→ **PROMPT**: All lines up to and including the one that contains "0.85ctw Demantoid Garnet" are to be transcribed exactly, starting from the first line of the records.

EXERCISE INPUT below:

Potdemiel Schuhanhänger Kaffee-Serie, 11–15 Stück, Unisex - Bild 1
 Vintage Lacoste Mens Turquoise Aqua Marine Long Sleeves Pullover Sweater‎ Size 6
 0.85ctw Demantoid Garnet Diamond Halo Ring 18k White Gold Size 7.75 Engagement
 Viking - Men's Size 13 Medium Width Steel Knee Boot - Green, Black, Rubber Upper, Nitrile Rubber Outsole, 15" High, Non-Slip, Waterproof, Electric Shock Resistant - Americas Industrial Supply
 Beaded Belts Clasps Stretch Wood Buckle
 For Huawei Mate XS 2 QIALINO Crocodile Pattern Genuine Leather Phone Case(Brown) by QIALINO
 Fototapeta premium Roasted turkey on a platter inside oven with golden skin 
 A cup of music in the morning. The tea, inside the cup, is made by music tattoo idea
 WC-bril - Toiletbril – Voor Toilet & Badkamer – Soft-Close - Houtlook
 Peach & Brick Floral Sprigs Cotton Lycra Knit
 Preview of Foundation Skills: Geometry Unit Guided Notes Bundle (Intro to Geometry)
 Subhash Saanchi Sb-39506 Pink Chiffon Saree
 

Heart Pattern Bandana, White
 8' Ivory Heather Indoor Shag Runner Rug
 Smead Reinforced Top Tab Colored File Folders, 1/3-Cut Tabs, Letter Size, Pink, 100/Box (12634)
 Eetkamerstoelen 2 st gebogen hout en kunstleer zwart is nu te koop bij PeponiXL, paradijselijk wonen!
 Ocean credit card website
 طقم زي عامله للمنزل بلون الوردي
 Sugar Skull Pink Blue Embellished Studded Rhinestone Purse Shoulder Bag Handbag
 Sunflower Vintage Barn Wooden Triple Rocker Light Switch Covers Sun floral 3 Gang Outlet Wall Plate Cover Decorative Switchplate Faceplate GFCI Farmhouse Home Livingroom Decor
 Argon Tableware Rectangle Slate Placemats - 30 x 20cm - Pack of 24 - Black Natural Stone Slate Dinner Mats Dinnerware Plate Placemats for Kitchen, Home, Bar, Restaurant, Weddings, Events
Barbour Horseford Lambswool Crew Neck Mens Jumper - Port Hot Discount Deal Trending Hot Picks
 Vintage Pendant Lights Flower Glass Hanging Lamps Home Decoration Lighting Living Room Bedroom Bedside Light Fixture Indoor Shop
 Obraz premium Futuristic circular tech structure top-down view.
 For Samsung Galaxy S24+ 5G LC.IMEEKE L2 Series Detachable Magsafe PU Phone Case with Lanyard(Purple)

End of EXERCISE INPUT.

→ **EXERCISE RESPONSE**:
Potdemiel Schuhanhänger Kaffee-Serie, 11–15 Stück, Unisex - Bild 1
 Vintage Lacoste Mens Turquoise Aqua Marine Long Sleeves Pullover Sweater‎ Size 6
 0.85ctw Demantoid Garnet Diamond Halo Ring 18k White Gold Size 7.75 Engagement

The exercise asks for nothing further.